= FedEx furniture =

Art website

FedEx furniture is the artistic creation of computer programmer and creative consumer Jose Avila, III. In June 2005, Avila created a website, Fedexfurniture.com, to display photographs of a couch, bed, dining room table, and desk that he had constructed out of cartons obtained from overnight shipping giant FedEx Corporation (FedEx). FedEx attorneys used the takedown provisions of the Digital Millennium Copyright Act (DMCA) to force Avila's ISP to take the site offline, accusing Avila of infringing on FedEx's copyrights and trademarks, breaching his contract with FedEx by using the cartons for purposes other than shipping, and potentially misleading consumers into believing that FedEx approved or endorsed Avila's actions. Among attorneys and activist organizations concerned with the exercise of First Amendment rights on the Internet, FedEx's actions raised questions about the constitutionality of using the DMCA to censor unwanted speech. The Fedexfurniture.com website is down as of July 8, 2017.

==The story==

In 2005, Avila moved to Tempe, Arizona with nothing more than clothes and work essentials. He was still stuck in a lease on his California apartment, and could barely afford his new apartment in Arizona.

After a bit of frustration over not having furniture, Avila remembered that a former roommate had solved a similar problem by constructing furniture using FedEx cartons. Using hundreds of FedEx boxes and materials that he "already had lying around" for shipping various items, Avila constructed every piece of furniture in his apartment. Avila's designs were sturdy and attractive. Friends urged Avila to put pictures of the furniture on a Web site. According to Avila, he did so in order to show that trying financial circumstances need not lead to despair; one can respond creatively, even artistically, by using "found" materials. The site's message was "It's OK to be ghetto".

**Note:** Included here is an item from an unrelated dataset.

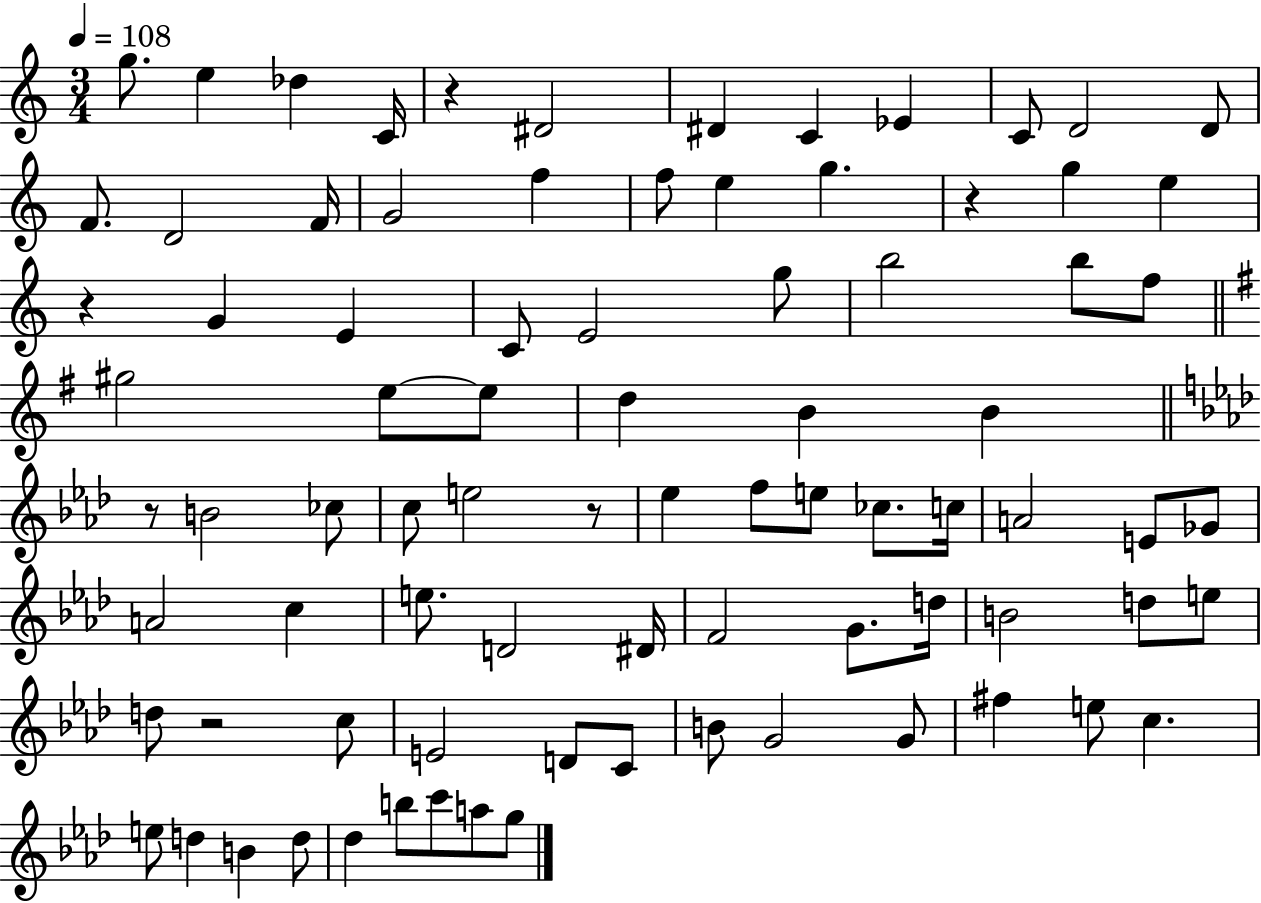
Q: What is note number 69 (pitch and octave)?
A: C5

The site subsequently attracted widespread attention, both from Web surfers and the press. Because the site was getting so much traffic, Avila placed a PayPal donation link on the page and asked for help to pay for the bandwidth charges. He also announced a plan to sell Fedexfurniture.com T-shirts, although Avila says that no T-shirts were ever sold.

On June 27, 2005, FedEx attorneys wrote to Avila's ISP. Citing the takedown provisions of the Digital Millennium Copyright Act (DMCA), they demanded that the ISP remove Avila's materials from the Web. They justified their request on two grounds:
- Infringement of FedEx's intellectual property (specifically, copyrights and trademarks.)
- Violation of FedEx's terms of use for packaging supplies.

In order to take advantage of the safe harbor provisions of the DMCA, Avila's ISP complied with the request and removed Avila's materials from the Web. Had the ISP not done so, it could have been held liable for contributory infringement (aiding and abetting the infringer) if Avila's materials were subsequently found to be infringing in a court of law.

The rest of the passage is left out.